Het kabinet wil eerst weten wat het Planbureau voor de Leefomgeving (PBL) vindt van de voorstellen die de Klimaattafel over landbouw onder leiding van Pieter van Geel heeft gedaan. Krachtens het Parijse Klimaatakkoord moet de Nederlandse landbouw in 2030 de uitstoot van broeikasgassen hebben verminderd met 3,5 megaton CO2.

De voorstellen zijn tot nu toe gezocht in warme sanering van de varkenshouderij, technische maatregelen die de uitstoot via de darmen van dieren door aangepast voer tegengaan, mestopslag en minder kunstmest (waarvan de productie veel CO2-uitstoot), slimmer landgebruik, vernatting van veenweidegebieden (waardoor grote hoeveelheden methaanuitstoot kunnen worden tegengegaan), minder niet-groene percelen en zuiniger energiegebruik in de land- en tuinbouw.

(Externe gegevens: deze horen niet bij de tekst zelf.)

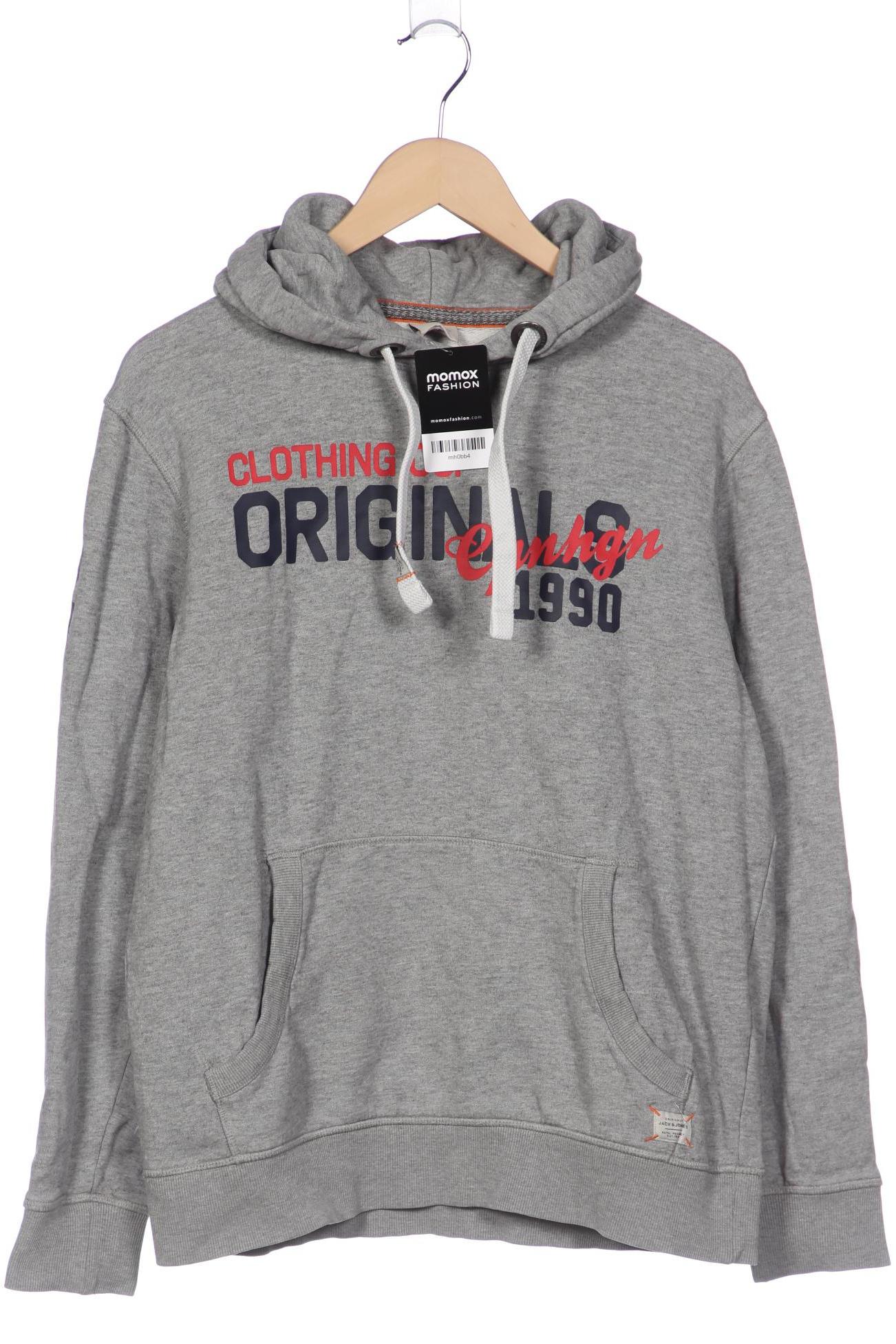 

Jack & Jones Herren Kapuzenpullover, grau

Volgens Boerderij zit het kabinet met een prangende vraag: kan Parijs misschien ook gehaald worden zonder de veestapel in Nederland in te krimpen?

Om het eenvoudig te zeggen: er zit geen buitenlandse afnemer te wachten op varkensvlees uit een Nederlandse varkens- of kippenstal met de jongste generatie peperdure luchtwassers
Als dat moet kan het uiteraard, maar het is de vraag tot welk nut dat strekt. Het zal een boel kostenverhogende technische maatregelen vergen voor meer binnen gehouden dieren. Vlees, zuivel en eieren van 'binnendieren' is wat het Nederlandse publiek niet meer wil onder druk van nieuwe opinies over dierenwelzijn. Dat terwijl het commercieel-economisch logischer is innovatieve nieuwbouw-stallen zoals Kipster die wel aanspraak maken op klimaatneutraliteit dichter bij hun afnemers in het buitenland te bouwen. Voor vlees, zuivel en eieren geldt dat Nederland tussen de 70 en 90% van zijn productie exporteert en toenemende moeite krijgt die productie rendabel te verkopen als die geen meerwaarde heeft in de vorm van lokale, klimaat- en diervriendelijke productie. Om het eenvoudig te zeggen: er zit geen buitenlandse afnemer te wachten op varkensvlees uit een Nederlandse varkens- of kippenstal met de jongste generatie peperdure luchtwassers. Een dier wordt immers niet lekkerder of gelukkiger van zulke techniek.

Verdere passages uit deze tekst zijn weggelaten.